**EXERCISE**
Among the lines listed below, count those that include the string "Retail", and state only the count.

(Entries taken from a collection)
..........

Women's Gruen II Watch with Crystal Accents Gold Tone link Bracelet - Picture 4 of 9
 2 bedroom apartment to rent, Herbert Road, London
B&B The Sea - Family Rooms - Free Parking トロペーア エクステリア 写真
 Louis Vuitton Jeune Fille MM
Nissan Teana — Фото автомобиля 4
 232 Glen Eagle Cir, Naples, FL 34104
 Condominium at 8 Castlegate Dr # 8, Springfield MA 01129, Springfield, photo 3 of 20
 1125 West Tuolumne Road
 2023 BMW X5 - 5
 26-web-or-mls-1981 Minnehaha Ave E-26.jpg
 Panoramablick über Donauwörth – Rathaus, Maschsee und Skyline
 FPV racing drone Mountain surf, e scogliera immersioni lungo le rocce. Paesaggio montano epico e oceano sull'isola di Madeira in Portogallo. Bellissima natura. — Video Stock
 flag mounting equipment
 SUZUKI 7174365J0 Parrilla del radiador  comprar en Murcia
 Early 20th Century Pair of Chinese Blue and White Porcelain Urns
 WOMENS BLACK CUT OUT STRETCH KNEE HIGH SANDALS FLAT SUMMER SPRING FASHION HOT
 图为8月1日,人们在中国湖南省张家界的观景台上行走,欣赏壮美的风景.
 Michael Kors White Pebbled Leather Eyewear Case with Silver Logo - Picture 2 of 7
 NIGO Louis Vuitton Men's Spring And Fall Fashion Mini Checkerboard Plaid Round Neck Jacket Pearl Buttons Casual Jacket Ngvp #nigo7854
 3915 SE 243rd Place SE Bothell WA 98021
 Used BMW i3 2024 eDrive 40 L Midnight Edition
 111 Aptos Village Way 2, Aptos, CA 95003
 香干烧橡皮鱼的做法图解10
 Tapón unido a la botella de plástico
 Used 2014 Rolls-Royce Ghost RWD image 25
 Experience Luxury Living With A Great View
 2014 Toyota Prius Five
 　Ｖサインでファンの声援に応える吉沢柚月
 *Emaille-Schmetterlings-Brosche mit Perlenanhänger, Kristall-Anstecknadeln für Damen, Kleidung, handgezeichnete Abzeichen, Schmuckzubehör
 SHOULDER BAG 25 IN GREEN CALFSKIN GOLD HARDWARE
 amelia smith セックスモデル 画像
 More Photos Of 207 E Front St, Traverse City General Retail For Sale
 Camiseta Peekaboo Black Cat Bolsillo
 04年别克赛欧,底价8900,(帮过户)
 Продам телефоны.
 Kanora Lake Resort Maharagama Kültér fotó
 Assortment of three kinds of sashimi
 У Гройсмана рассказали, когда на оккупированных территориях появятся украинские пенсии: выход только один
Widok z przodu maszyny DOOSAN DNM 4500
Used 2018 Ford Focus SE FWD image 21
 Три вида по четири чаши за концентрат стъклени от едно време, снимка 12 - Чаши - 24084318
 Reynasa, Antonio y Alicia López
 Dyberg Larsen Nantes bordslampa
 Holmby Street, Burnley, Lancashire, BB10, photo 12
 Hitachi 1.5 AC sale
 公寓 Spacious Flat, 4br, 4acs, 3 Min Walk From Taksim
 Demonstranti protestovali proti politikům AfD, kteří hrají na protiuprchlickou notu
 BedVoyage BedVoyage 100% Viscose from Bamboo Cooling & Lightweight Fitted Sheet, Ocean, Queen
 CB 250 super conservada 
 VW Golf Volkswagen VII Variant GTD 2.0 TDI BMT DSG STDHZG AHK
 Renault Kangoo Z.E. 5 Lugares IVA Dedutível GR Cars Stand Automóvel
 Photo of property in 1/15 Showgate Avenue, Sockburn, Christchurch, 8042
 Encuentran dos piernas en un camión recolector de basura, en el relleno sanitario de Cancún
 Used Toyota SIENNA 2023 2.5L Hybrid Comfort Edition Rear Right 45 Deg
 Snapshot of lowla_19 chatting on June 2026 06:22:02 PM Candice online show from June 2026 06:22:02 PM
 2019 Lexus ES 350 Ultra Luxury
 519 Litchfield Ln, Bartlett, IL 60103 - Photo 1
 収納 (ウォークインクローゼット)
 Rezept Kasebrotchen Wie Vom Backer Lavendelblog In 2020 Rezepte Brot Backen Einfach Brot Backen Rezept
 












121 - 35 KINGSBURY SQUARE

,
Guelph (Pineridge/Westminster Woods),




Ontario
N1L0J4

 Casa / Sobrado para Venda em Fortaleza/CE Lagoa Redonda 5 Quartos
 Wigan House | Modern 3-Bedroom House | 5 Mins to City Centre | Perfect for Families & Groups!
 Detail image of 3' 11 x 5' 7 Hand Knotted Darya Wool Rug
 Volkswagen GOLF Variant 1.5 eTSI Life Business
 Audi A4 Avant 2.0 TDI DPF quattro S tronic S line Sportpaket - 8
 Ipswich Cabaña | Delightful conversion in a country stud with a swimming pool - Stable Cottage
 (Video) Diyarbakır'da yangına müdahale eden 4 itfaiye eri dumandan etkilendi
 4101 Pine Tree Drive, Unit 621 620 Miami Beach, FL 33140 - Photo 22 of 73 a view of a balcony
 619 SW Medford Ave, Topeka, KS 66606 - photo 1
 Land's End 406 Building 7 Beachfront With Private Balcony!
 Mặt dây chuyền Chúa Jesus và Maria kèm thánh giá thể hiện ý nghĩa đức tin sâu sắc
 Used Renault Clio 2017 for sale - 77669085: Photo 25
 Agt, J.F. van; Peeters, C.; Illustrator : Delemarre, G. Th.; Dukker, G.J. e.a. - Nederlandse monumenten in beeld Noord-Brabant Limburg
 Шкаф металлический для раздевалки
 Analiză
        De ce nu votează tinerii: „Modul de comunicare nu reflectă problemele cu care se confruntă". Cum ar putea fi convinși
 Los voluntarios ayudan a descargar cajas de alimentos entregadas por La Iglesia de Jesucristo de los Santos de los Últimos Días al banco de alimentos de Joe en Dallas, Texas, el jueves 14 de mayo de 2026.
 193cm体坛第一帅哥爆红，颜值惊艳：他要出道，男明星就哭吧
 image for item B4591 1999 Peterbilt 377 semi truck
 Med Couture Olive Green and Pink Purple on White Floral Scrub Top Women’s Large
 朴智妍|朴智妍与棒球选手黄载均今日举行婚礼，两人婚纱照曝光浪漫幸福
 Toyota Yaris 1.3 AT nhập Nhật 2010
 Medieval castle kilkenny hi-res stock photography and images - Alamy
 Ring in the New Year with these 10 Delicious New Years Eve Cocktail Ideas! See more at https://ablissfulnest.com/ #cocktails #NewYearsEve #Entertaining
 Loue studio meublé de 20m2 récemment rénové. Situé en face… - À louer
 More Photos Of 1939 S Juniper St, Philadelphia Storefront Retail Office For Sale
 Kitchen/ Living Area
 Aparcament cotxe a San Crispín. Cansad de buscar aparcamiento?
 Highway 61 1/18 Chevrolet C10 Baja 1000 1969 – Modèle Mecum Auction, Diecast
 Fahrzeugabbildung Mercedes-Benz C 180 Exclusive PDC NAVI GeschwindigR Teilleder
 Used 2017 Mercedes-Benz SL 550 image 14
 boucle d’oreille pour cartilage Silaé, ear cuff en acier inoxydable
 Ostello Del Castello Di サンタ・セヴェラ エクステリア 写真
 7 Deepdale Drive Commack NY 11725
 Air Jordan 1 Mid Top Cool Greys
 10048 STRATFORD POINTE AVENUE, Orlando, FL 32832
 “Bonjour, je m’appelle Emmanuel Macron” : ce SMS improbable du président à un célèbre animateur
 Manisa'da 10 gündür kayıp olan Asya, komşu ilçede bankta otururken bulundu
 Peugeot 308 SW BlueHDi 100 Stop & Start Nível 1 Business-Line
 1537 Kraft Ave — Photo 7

..........

**RESULT BELOW**
2